Login to website using urllib2 - Python 2.7

tommo picture tommo · Dec 18, 2012 · Viewed 54.4k times · Source

Okay, so I am using this for a reddit bot, but I want to be able to figure out HOW to log in to any website. If that makes sense....

I realise that different websites use different login forms etc. So how do I figure out how to optimise it for each website? I'm assuming I need to look for something in the html file but no idea what.

I do NOT want to use Mechanize or any other library (which is what all the other answers are about on here and don't actually help me to learn what is happening), as I want to learn by myself how exactly it all works.

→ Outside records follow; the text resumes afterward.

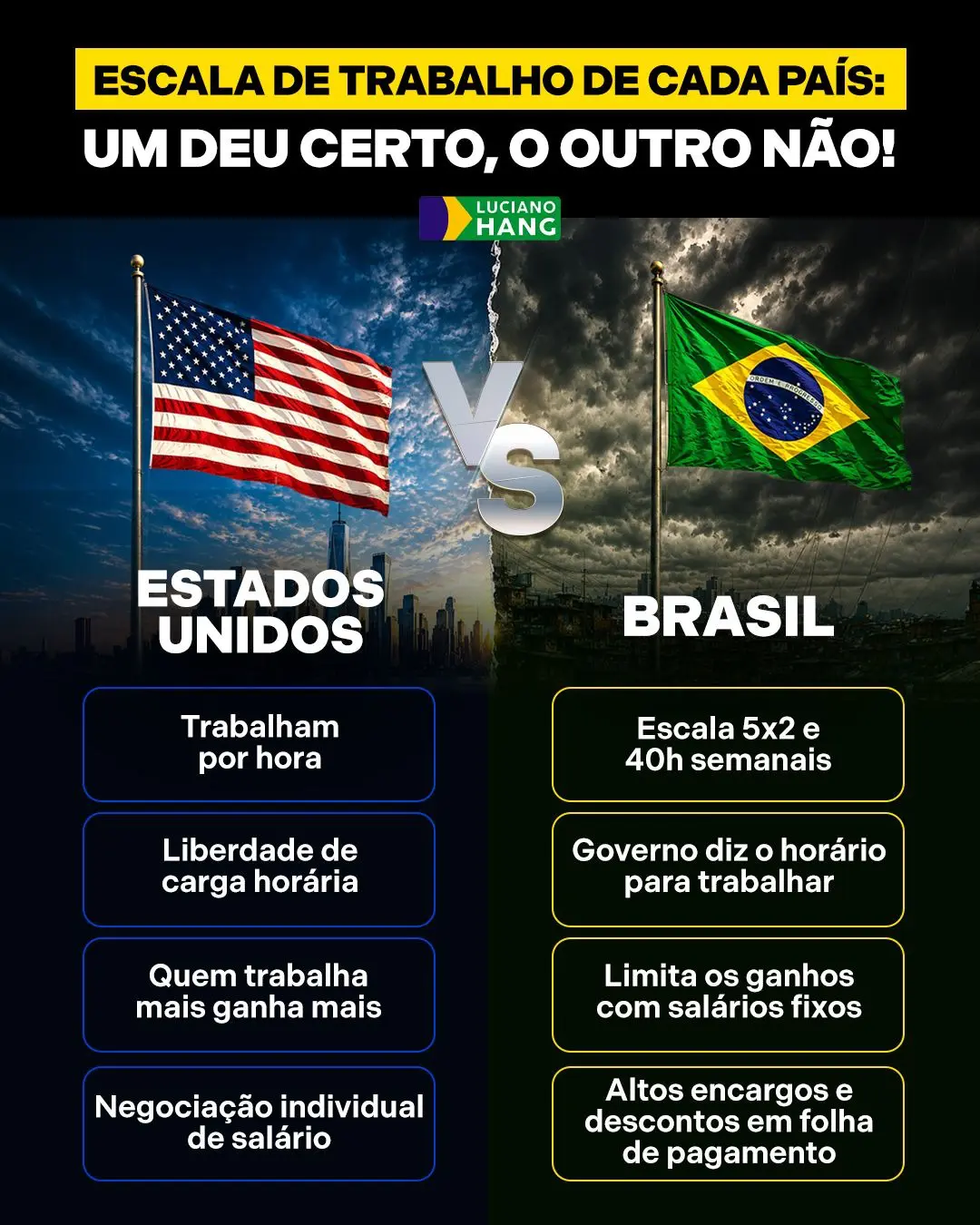 Ilustração no perfil de Luciano Hang: "Um deu certo, o outro não" | Foto: Reprodução/X/@LucianoHangBr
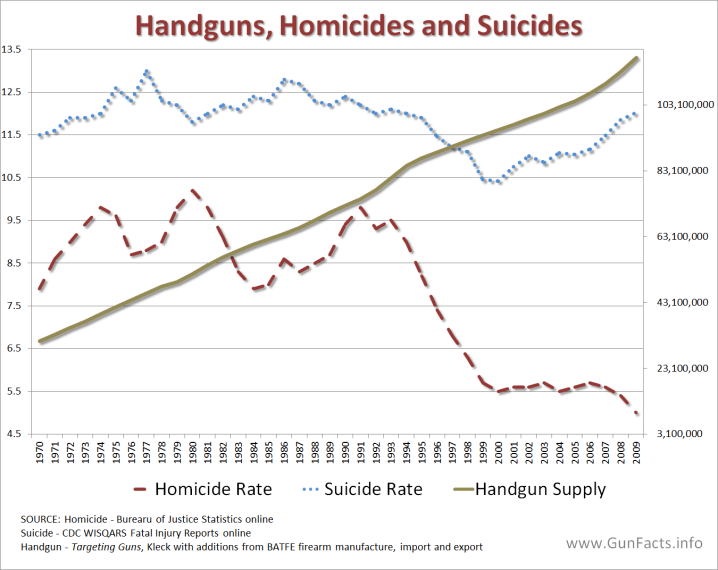 AVAILABILITY-OF-GUNS-Handgun-Supply-and-Homicies-Suicide-Rates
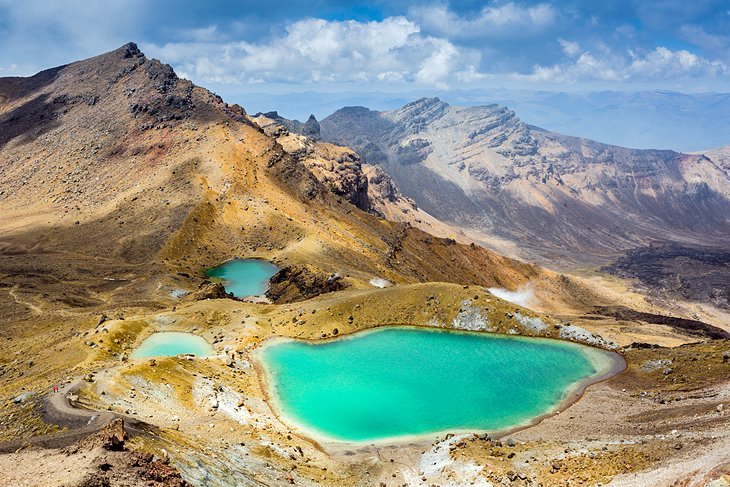 Australia New Zealand Tour Packages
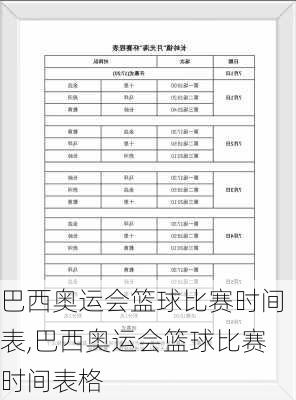 巴西奥运会篮球比赛时间表,巴西奥运会篮球比赛时间表格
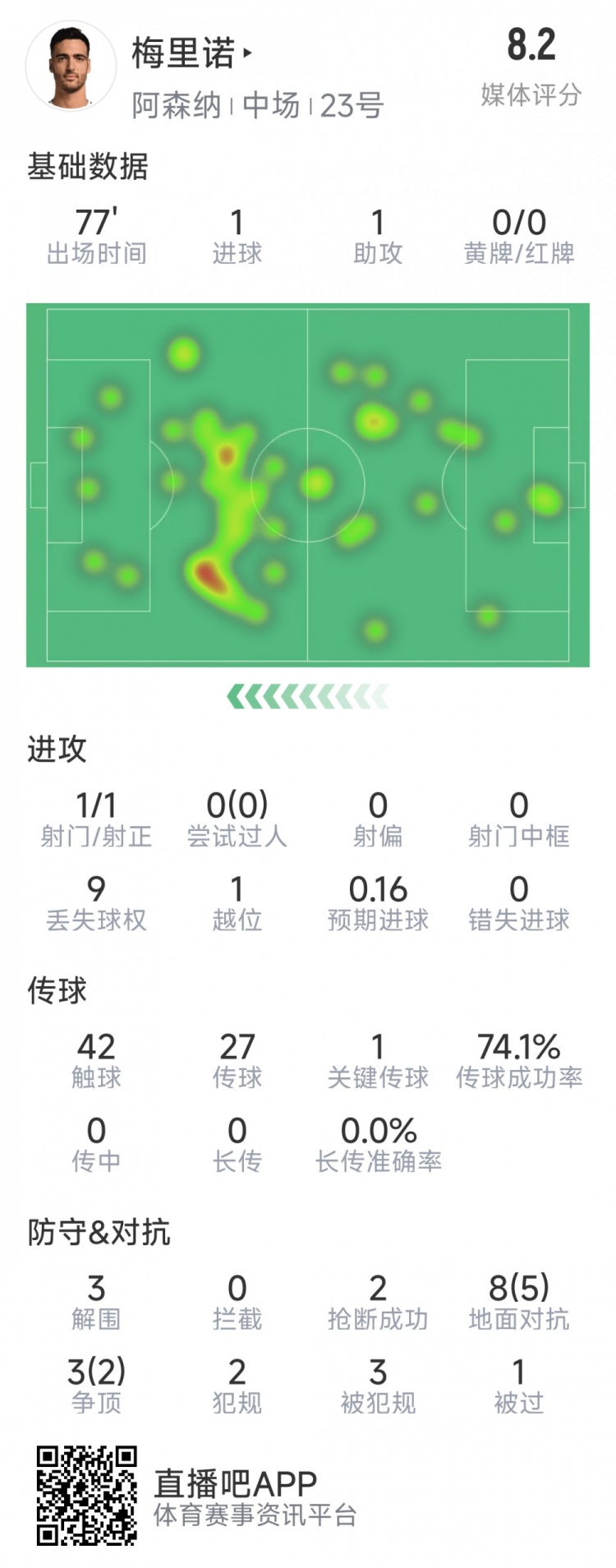 梅里諾本場數(shù)據(jù)：1球1助攻，1次射門，3解圍，2搶斷，評分8.2分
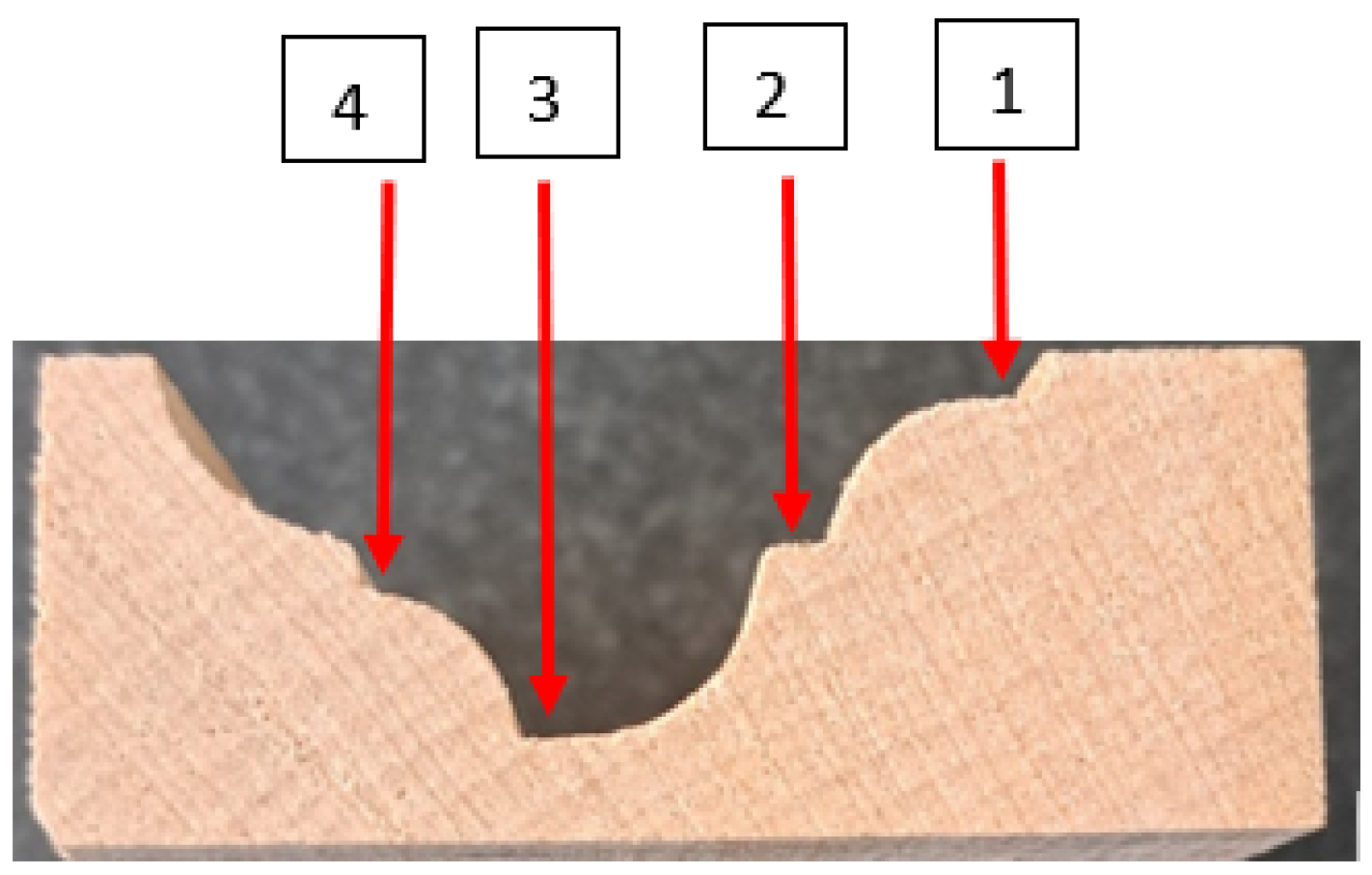 Applsci 14 00129 g003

The urllib2 documentation really isn't helping me.

Thanks.

Answer

RocketDonkey picture RocketDonkey · Dec 19, 2012

I'll preface this by saying I haven't done logging in in this way for a while, so I could be missing some of the more 'accepted' ways to do it.

I'm not sure if this is what you're after, but without a library like mechanize or a more robust framework like selenium, in the basic case you just look at the form itself and seek out the inputs. For instance, looking at www.reddit.com, and then viewing the source of the rendered page, you will find this form:

<form method="post" action="https://ssl.reddit.com/post/login" id="login_login-main"
  class="login-form login-form-side">
    <input type="hidden" name="op" value="login-main" />
    <input name="user" placeholder="username" type="text" maxlength="20" tabindex="1" />
    <input name="passwd" placeholder="password" type="password" tabindex="1" />

    <div class="status"></div>

    <div id="remember-me">
      <input type="checkbox" name="rem" id="rem-login-main" tabindex="1" />
      <label for="rem-login-main">remember me</label>
      <a class="recover-password" href="/password">reset password</a>
    </div>

    <div class="submit">
      <button class="btn" type="submit" tabindex="1">login</button>
    </div>

    <div class="clear"></div>
</form>

Here we see a few input's - op, user, passwd and rem. Also, notice the action parameter - that is the URL to which the form will be posted, and will therefore be our target. So now the last step is packing the parameters into a payload and sending it as a POST request to the action URL. Also below, we create a new opener, add the ability to handle cookies and add headers as well, giving us a slightly more robust opener to execute the requests):

import cookielib
import urllib
import urllib2


# Store the cookies and create an opener that will hold them
cj = cookielib.CookieJar()
opener = urllib2.build_opener(urllib2.HTTPCookieProcessor(cj))

# Add our headers
opener.addheaders = [('User-agent', 'RedditTesting')]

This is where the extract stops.